Typically, speech coding and audio (e.g., for music) coding at low bit-rates are approached differently. The speech coding is based on a speech production model with hybrid model and waveform based coding of an input signal. The speech production model parameters are quantized in a time domain. On the other hand, the audio coding utilizes transform coding in which the coding gain is achieved in the transform itself and in perceptual masking of transform coefficients before quantization.
Combining the model based time domain speech codec and transform based time-frequency domain codec has been a difficult task. There are no examples of successful algorithms achieving this goal without extensive delay in the algorithm to handle the transient from the time domain quantization to the transform coding.
The object of the present invention is to provide a novel method for compensating transient effects in transform coding and decoding in electronic devices by using a transform based time-frequency domain codec.
According to a first aspect of the invention, a method for encoding an acoustic signal, comprises the steps of: encoding a first frame of an acoustic signal using a first encoding method; and encoding a transient frame of an acoustic signal which follows the first frame and contains M samples using a second encoding method for producing a set of M+K encoding values, wherein M and K are pre-selected integers of at least a value of one.
According further to the first aspect of the invention, a decision for using the first encoding method or the second encoding method may be made based on a pre-selected criterion.
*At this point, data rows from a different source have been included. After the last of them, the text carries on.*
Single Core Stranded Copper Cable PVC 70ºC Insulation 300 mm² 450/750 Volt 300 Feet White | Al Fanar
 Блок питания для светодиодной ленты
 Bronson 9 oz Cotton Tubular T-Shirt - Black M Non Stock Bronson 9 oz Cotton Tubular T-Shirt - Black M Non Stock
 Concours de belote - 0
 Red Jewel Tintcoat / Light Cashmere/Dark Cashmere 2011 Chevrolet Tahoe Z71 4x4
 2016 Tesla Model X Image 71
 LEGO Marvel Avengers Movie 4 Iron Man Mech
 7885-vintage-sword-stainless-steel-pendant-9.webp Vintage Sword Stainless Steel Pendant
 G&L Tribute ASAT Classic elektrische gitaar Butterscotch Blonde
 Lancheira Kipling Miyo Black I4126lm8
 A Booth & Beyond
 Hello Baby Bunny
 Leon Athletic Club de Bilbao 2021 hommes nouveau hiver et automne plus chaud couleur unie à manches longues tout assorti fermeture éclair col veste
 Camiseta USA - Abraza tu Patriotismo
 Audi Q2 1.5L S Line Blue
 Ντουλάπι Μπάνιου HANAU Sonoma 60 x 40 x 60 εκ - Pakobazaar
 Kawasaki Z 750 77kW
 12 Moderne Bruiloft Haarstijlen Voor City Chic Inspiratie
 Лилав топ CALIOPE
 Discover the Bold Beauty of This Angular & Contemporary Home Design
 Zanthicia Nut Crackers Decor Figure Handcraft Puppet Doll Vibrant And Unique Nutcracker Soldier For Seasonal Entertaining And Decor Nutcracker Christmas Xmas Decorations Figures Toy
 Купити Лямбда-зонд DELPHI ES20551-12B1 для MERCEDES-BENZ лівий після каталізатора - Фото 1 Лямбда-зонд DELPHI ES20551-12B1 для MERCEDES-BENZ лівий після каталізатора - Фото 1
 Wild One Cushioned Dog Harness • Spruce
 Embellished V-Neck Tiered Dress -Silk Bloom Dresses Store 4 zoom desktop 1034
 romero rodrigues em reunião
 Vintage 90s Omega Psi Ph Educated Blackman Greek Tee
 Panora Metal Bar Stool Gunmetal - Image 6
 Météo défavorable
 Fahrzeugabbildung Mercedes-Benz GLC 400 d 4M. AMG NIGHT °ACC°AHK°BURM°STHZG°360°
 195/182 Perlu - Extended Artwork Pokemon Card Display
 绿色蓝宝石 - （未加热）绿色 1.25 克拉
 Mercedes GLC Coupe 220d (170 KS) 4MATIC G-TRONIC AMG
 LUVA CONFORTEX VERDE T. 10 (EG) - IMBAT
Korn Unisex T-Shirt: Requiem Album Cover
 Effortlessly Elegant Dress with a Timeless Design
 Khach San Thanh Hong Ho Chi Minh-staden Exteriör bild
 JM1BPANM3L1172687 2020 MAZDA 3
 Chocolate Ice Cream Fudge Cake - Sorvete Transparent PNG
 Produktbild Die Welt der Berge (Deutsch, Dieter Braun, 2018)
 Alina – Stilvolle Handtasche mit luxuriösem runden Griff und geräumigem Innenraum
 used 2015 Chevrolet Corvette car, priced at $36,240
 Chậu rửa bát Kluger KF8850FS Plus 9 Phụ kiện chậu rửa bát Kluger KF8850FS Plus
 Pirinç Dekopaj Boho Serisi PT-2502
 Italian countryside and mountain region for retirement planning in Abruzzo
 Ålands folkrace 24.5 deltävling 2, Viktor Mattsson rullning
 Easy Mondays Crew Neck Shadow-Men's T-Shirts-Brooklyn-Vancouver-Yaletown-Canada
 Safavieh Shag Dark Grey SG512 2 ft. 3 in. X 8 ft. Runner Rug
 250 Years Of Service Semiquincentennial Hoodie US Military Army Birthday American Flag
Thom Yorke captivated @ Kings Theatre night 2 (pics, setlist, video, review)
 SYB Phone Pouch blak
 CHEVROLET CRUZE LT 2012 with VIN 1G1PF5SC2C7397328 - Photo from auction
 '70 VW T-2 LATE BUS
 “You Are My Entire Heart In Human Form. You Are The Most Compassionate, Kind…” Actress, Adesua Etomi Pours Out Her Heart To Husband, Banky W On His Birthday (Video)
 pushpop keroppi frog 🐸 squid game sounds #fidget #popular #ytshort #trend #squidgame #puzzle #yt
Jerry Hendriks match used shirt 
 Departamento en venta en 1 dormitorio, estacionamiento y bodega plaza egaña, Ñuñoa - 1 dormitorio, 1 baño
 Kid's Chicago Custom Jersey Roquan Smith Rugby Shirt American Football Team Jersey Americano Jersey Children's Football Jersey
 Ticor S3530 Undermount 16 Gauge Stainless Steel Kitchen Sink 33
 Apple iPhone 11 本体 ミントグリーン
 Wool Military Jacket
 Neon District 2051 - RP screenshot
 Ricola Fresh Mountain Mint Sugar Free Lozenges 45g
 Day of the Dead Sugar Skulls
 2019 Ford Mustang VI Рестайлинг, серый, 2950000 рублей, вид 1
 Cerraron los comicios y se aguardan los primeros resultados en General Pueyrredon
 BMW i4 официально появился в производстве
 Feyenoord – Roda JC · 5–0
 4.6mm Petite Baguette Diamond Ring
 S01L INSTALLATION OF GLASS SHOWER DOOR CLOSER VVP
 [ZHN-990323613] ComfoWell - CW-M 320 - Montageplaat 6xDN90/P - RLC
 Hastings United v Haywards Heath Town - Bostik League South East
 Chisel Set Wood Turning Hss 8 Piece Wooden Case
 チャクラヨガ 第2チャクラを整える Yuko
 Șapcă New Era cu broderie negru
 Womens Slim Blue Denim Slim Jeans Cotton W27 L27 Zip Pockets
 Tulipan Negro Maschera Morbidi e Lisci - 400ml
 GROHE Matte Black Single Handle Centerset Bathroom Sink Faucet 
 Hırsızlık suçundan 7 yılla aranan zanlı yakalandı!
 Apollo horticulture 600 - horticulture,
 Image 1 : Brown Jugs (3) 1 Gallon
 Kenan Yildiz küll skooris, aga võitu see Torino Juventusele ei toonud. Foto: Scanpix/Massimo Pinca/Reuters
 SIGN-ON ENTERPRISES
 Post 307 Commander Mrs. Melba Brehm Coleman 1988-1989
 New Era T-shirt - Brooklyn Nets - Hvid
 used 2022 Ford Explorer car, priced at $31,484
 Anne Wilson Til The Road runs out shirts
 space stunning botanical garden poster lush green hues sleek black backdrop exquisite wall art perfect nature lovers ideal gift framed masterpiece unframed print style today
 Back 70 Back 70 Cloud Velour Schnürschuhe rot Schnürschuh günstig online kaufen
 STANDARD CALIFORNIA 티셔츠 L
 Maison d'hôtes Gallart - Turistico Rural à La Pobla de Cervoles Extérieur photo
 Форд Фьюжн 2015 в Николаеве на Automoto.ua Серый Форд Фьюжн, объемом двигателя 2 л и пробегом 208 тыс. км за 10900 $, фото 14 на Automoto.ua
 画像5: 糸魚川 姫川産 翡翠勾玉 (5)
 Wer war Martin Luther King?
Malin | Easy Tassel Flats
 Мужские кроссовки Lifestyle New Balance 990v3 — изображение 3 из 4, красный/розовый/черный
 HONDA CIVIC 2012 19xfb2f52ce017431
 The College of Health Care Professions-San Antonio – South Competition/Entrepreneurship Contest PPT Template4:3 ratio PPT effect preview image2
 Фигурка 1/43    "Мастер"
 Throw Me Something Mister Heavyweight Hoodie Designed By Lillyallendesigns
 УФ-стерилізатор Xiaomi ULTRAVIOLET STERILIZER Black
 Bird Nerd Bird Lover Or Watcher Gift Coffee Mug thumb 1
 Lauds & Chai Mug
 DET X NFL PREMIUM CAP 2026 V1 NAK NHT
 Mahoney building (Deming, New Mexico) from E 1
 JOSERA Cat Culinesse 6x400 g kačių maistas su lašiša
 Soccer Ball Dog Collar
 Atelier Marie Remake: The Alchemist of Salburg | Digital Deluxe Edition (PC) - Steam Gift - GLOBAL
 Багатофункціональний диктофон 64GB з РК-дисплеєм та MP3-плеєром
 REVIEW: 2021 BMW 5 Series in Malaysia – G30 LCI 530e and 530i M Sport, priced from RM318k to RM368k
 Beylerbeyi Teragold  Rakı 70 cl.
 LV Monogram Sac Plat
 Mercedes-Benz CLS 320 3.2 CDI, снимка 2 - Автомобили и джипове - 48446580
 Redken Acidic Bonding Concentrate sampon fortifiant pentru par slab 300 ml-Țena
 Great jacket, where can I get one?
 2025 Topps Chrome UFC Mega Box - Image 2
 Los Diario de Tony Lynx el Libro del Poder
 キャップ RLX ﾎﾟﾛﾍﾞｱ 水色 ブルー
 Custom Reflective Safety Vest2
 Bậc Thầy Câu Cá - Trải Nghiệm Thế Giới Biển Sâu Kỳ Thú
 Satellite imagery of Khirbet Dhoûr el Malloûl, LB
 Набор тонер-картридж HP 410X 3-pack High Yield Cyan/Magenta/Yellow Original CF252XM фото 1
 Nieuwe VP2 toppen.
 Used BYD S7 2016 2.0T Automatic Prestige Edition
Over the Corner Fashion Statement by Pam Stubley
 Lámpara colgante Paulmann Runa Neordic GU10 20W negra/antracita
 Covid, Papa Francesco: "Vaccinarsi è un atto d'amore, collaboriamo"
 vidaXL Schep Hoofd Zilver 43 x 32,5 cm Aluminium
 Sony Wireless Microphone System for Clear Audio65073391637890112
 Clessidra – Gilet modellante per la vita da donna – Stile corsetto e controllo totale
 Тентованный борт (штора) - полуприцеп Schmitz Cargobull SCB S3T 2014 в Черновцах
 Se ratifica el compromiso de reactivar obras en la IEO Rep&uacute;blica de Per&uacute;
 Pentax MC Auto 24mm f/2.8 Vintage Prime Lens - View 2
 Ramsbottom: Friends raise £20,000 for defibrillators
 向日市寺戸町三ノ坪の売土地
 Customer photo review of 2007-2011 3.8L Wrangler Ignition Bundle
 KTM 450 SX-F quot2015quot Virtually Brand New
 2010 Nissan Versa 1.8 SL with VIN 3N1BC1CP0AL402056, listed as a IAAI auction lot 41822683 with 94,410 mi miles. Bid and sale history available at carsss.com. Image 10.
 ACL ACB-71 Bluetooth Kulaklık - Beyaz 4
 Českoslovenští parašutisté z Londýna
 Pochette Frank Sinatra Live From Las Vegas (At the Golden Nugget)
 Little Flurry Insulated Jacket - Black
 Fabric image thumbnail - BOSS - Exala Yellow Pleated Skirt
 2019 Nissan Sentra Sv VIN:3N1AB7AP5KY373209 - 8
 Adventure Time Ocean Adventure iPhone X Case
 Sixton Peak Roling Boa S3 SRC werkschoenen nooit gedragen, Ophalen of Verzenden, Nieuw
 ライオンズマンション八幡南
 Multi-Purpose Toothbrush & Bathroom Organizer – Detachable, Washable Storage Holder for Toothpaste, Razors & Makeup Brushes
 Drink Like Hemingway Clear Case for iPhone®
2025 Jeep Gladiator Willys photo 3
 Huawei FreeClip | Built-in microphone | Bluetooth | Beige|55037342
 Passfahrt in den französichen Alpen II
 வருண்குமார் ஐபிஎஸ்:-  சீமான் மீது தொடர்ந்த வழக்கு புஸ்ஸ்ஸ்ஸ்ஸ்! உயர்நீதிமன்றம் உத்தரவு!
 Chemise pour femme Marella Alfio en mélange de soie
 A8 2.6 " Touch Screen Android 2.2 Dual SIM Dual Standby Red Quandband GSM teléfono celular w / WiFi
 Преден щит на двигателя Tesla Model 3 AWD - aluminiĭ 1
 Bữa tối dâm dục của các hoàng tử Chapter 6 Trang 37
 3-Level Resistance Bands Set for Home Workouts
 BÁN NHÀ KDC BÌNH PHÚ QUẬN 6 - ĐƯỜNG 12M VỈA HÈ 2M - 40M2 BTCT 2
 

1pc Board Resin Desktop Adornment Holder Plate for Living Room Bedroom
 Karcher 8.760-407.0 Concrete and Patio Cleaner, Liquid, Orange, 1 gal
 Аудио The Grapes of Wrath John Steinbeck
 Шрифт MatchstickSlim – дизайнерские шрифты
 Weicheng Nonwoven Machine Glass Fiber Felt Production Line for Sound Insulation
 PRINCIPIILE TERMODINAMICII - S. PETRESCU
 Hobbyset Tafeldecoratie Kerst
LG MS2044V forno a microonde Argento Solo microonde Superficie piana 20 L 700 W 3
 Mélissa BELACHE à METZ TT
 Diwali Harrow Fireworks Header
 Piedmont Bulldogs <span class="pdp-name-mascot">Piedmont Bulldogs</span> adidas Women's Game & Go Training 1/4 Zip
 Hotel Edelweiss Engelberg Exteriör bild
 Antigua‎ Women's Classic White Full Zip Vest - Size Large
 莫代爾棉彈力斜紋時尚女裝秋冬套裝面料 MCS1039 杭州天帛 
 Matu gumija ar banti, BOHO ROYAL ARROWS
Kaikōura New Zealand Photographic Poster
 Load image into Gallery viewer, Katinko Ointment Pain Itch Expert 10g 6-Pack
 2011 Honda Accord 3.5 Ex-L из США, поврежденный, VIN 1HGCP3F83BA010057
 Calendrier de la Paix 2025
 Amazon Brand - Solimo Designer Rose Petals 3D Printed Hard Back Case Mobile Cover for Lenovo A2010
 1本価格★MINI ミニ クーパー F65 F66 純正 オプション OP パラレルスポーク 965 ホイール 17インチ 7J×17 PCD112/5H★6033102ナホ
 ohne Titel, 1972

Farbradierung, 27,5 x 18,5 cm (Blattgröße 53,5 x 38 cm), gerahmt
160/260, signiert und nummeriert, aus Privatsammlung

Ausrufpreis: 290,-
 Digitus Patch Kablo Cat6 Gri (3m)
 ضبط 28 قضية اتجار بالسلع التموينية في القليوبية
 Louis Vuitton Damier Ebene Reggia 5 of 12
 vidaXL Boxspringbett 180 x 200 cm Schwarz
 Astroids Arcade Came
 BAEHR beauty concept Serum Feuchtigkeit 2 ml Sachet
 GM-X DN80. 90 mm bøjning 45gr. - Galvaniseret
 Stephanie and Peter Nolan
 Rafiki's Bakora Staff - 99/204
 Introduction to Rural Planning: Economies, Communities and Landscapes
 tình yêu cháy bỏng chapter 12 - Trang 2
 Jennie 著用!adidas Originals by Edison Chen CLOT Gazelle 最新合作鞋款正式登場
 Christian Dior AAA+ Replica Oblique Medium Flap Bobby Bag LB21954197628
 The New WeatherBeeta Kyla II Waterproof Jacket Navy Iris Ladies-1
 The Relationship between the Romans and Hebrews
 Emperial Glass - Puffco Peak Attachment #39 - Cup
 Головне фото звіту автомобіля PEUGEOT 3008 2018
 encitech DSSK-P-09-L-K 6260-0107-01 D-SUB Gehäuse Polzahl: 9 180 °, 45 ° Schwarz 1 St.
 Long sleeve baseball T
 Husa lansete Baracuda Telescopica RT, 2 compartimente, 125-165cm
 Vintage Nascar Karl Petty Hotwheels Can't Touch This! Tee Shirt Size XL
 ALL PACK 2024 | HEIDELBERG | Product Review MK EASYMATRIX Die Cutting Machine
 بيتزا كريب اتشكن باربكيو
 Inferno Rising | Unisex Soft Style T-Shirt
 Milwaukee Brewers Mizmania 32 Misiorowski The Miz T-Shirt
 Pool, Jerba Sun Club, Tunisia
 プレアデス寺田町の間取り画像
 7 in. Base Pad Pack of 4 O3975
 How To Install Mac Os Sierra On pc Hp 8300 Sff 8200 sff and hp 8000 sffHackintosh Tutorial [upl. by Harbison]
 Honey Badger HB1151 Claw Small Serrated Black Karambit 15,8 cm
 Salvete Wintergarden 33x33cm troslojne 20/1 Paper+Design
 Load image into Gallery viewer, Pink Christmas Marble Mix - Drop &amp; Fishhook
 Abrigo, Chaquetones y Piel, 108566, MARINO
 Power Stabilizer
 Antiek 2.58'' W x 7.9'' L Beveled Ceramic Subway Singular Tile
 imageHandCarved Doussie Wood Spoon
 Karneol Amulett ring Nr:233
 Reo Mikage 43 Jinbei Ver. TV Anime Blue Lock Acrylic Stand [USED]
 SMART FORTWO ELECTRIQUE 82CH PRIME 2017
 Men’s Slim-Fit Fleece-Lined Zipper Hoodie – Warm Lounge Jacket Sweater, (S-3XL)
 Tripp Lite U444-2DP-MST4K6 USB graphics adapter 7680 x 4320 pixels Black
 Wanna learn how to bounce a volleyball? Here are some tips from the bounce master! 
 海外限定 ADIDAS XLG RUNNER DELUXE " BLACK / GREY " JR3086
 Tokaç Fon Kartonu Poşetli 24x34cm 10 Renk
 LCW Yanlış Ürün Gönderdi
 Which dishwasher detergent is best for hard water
Further according to the first aspect of the invention, the first encoding method may be a time domain codec, optionally a code excited linear prediction (CELP).
Still further according to the first aspect of the invention, the encoding the transient frame may comprise the steps of: performing a transform analysis of the transient frame for generating in a frequency domain M transient transform coefficients; performing the transform analysis of at least one further frame for generating in the frequency domain K further transform coefficients, wherein the further frame contains selected samples from both the first frame and the transient frame and the selected samples are chosen based on a predetermined algorithm; and combining the M transient transform coefficients and the K further transform coefficients using a predetermined procedure, wherein the M+K combined transform coefficient are the M+K encoding values for the transient frame. Further, at least one further frame may incorporate an ending part of the first frame and a beginning part of the transient frame based on the predetermined algorithm. Further still, the M transform coefficients may correspond to a long transient window with a length of L samples, and the K further transform coefficients may correspond to a short transient window with a length of Ls samples, and wherein L and Ls are pre-selected integers with L>M and Ls>K. Yet still further, the long transient window may start from a first sample of the transient frame and extends over a following frame, and optionally L=2M and Ls=2K. Still further, the transform analysis may be a lapped transform analysis or a modified discrete cosine transform (MDCT) analysis.
According further to the first aspect of the invention, the combining the M transform coefficients and the K further transform coefficients based on the predetermined procedure may generate M+K transform coefficients X(j), wherein an index j=0, 1, . . . , M+K−1 and at least one of the transform coefficients X(M+i) is not equal to zero when a further index i is equal to 0, 1, . . . or K−1. Further still, the method may further comprise the steps of: setting the transform coefficients X(M+i) to zero, thus completing the encoding the transient frame; and sending all encoded frames including the transient frame for decoding.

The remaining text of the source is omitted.